District finance staff presented a five-year budget projection Nov. 25 that highlights steady enrollment growth, constrained levy capacity and mounting structural pressure on the general fund.
"If you put all these numbers together, both the levy side and the state of Minnesota side, we get about $10,000 per student, on the revenue side each year," a district finance presenter said during the board briefing.
Key points from the presentation: the district's per-pupil revenue is roughly $10,000; about 25.5% of revenue comes from local levies while roughly 69% comes from the state; federal funding is a small share (about 1.6%).
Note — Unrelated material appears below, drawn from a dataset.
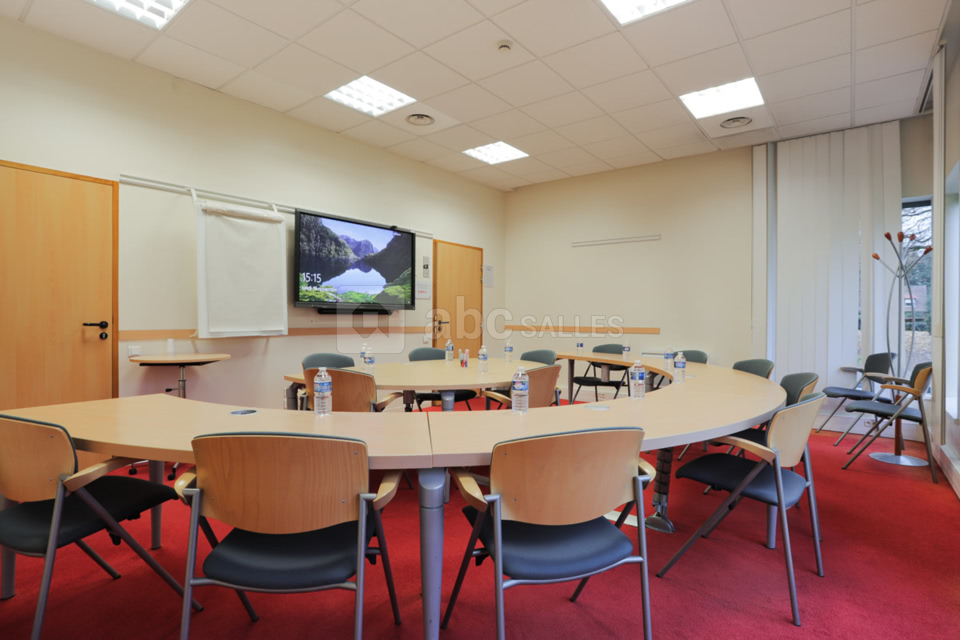 Salle de formation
The finance presentation said the district has room for about $400 per pupil in an additional operating levy, which would bring in about $5 million and push the district to the state levy cap.
Presenters cautioned that special-education and EL enrollment increases will add recurring costs and erode structural balance over time. The finance briefing noted transportation contracts and some LTFM projects have driven higher purchase-service and supply expenses this year.
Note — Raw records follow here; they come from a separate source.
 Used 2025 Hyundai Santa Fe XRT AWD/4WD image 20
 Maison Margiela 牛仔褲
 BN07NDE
Board members discussed levy timing and the trade-offs of using operating levy capacity: once at the cap, the district's ability to ask for additional operating levy revenue is limited, so officials must weigh whether to preserve capacity for future operational needs or use it now for anticipated costs.
The presentation also reviewed the district's fund-balance trajectory and a planning target near 10% to preserve resiliency against unfunded state or federal mandates.